** EXERCISE **
Exclude the pictures. Transcribe, exactly as written, the lines from the one with "库塔Aloft Bali Kuta at Beachwalk的一张酒店前方的游泳池图" through the end of the entries below.

** GIVEN DATA **
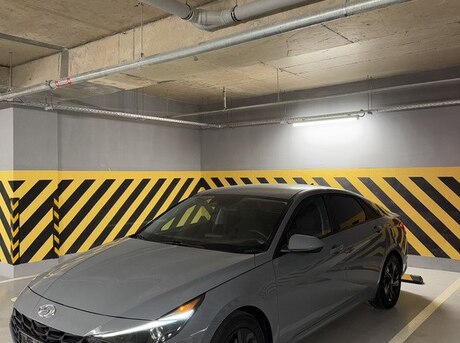 Hyundai Elantra 2022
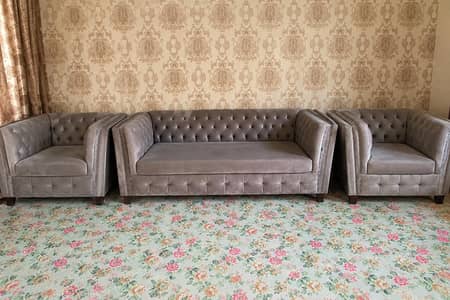 Modern Chesterfield Sofa Set | 10/10 Condition with 6+ Years Warranty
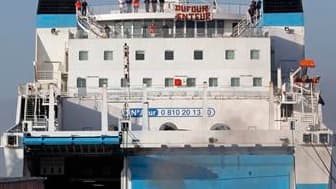 Les CRS ont délogé tôt ce jeudi matin les marins CGT de la SNCM qui bloquaient les accès au port de Marseille depuis deux jours.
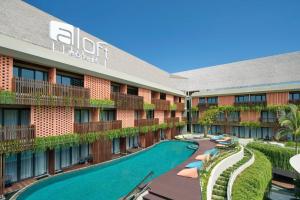 库塔Aloft Bali Kuta at Beachwalk的一张酒店前方的游泳池图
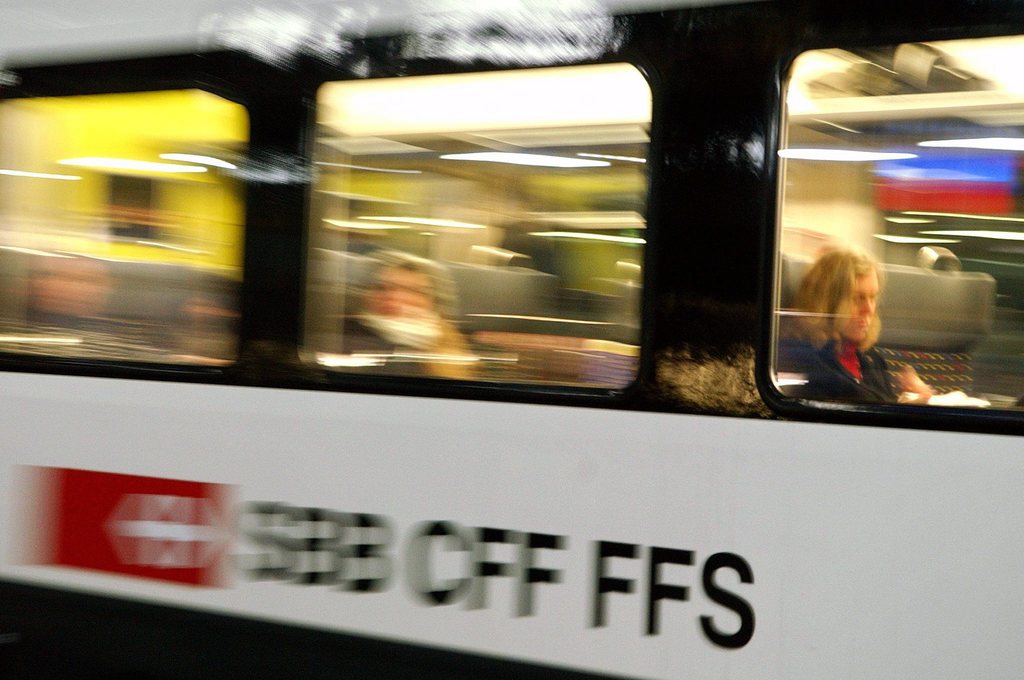 L'accident s'est produit mardi peu après 16h00 à un passage à niveau sécurisé.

** YOUR RESPONSE **
 库塔Aloft Bali Kuta at Beachwalk的一张酒店前方的游泳池图
 L'accident s'est produit mardi peu après 16h00 à un passage à niveau sécurisé.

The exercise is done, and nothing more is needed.